Do[edit][add listing]


Most visitors come for the top class walking. There are many paths all over the island, from gentle strolls through the rainforest to all day treks. Signage has improved dramatically over recent years, making self-guided walks much simpler.

Normal precautions regarding walking on your own apply on La Gomera, too. Always make sure that somebody knows where you are headed and when you can be expected to return. Pack rain and windproof warm clothing in your daypack even it it's nice and sunny when you leave. Also, don't forget to take a cellphone and a torch with you, drinking water and something to eat. However, there are also many shorter walks (such as up one side of Valle Gran Rey and down the other) that need no more than sandals.

Walking in heavy rain might be dangerous (as well as unpleasant) due to rockfalls and landslides.


Several firms offer guided walks, which can be useful if you don't have transport or want to do a point to point walk. One of these companies is Timah. They offer guided walks at around 30 EUR each (including the transportation to the starting point of the walk as well as the trip back) with English and German speaking guides.

Visit the tourist office in Valle Gran Rey (Calle Lepanto, s/n. La Playa) or the various travel agencies in Valle Gran Rey for information about other providers of walks. Agencies can usually make the booking for you, but at least Timah has an office in Valle Gran Rey (La Puntilla) and you can book your walk there as well.

Guided walks can be recommended not only because they include transportation and free you from the infrequent bus service, but the guides will tell you all sorts of interesting tidbits about the island.


A good map will come handy, recommended ones are by - DWG, Kompass and Freydag & Berndt. Each shows slightly different information, so consider buying two different ones. Maps and guide books are readily available in San Sebastian and Valle Gran Rey.

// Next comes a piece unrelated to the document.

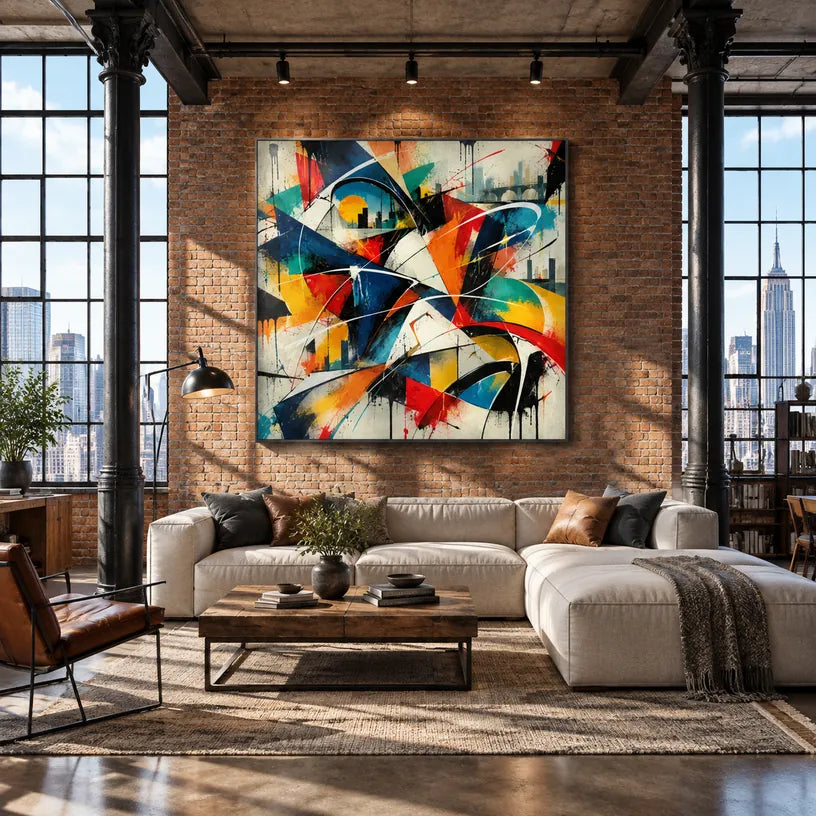 Pittura a olio astratta e concettuale di graffiti con segni astratti stratificati, consistenza e movimento pittorico espressivo.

Electronic sources include:

  • Openstreetmap project also provides fairly detailed/complete maps of the island, including hiking trails
  • wikiloc with hundreds of possible trails

Several books offer detailed descriptions of available routes such as The Landscapes of Southern Tenerife and La Gomera by Sunflower Books and Walk! La Gomera by DWG.

Mountain biking[edit]

La Gomera is a good biking destination as it offers mountaineous paved roads as well as single trails and dirt roads for the mountain bikers. In Valle Gran Rey there are three mountain bike tour operators and bike rentals available in the villages of La Playa, La Puntilla and Vueltas.

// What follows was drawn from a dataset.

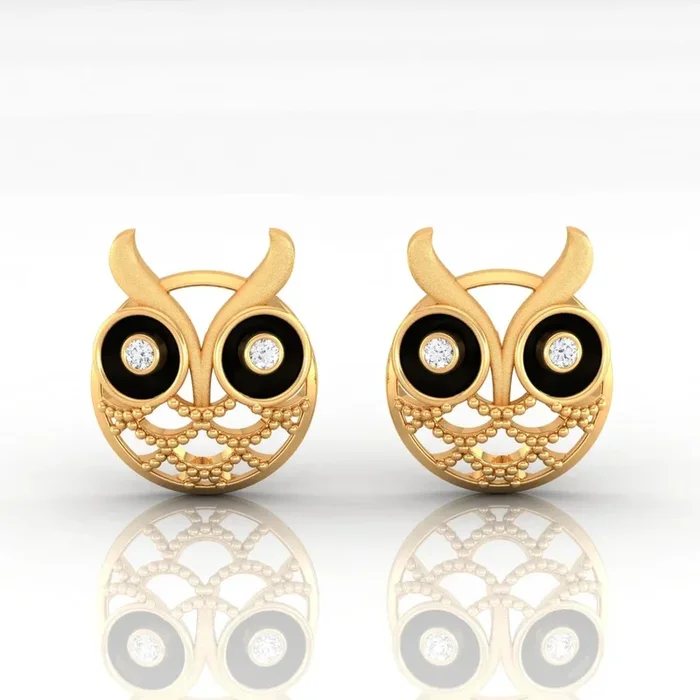 18K Diamond Earrings Owl Studs With Black Meena And Embedded Diamonds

Be careful when riding down as the roads are steep and have tight bends. There are also two tunnels when coming down to Valle Gran Rey. The second and longer one can be circumvented by using the old road instead which goes by the mountain side. It starts on the right hand side of the tunnel entrance. However, extreme care is required as the railings on the old road are not in good condition (or missing altogether in places) and there are also big rocks and other debris on the road. When you drive in the tunnels make sure you have a headlight and a backlight (or at least a red reflector) so that cars can see you well ahead. Never ride without a well-fitting helmet.

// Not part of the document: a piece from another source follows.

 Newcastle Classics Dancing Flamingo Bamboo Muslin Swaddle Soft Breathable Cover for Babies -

The slow pace of life is contagious, the perfect antidote to stress. If you lack transport to Garojonay, walking in Valle Gran Rey (playa Del Ingles to bevond Vueltas) is easy and relaxing.


Alojera beach.jpg

There are beaches at the end of most valleys, of varying quality. Valle Gran Rey has safe sandy beaches at Vueltas and El Charco (literally 'The Puddle'). Swimming can be challenging and even dangerous on the open beaches around the island. Playa la Caleta, near Hermigua, has a bar/restaurant on the beach. There is a semi-nude beach (clothing is optional) called Playa del Ingles behind La Playa in Valle Gran Rey. However, it's rocky and very dangerous for swimming especially when the sea is rough. There is a warning sign on the beach saying that the latest (fatal?) accident happened in the end of 2005, so keep this in mind if you think about taking a dip there.

San Sebastian has two good beaches, Playa Santiago (as the name suggests) also has a beach. There is a public pool at Playa de Vallehermoso (near El Castillo) and there is a swimming tank-thing by the remains of the embarcadero in Hermigua.

If you don't mind the long, steep, winding drive, there is a lovely little beach at Alojera.


Fascinating sub-tropical vegetation abounds with the unique Laurisilva rainforest in the national park, Garajonay, which is situated on the highest part of La Gomera. Laurisilva has a very special property in that it makes clouds into rain: Due to the pressing upwards of the trade winds, there are often clouds on the top of La Gomera; but the leaves of the trees of Laurisilva have pores that catches the small drops from the clouds. The surplus water absorbed is secreted so that the trees are raining, which increases precipitation from 50-100%. Of the remaining Laurisilva is 50% growing on La Gomera, which makes Garajonay unique from a nature conservation point of view. Laurisilva has in earlier periods covered large areas surrounding the Middle Sea, but disappeared due to climate changes. The National Visitor Centre at Juego de Bolas, above Las Rosas, has a selection of native and endemic plants, as well as various artesanal artefacts. There are plenty fine walking paths in Garajonay and the surrounding landscape.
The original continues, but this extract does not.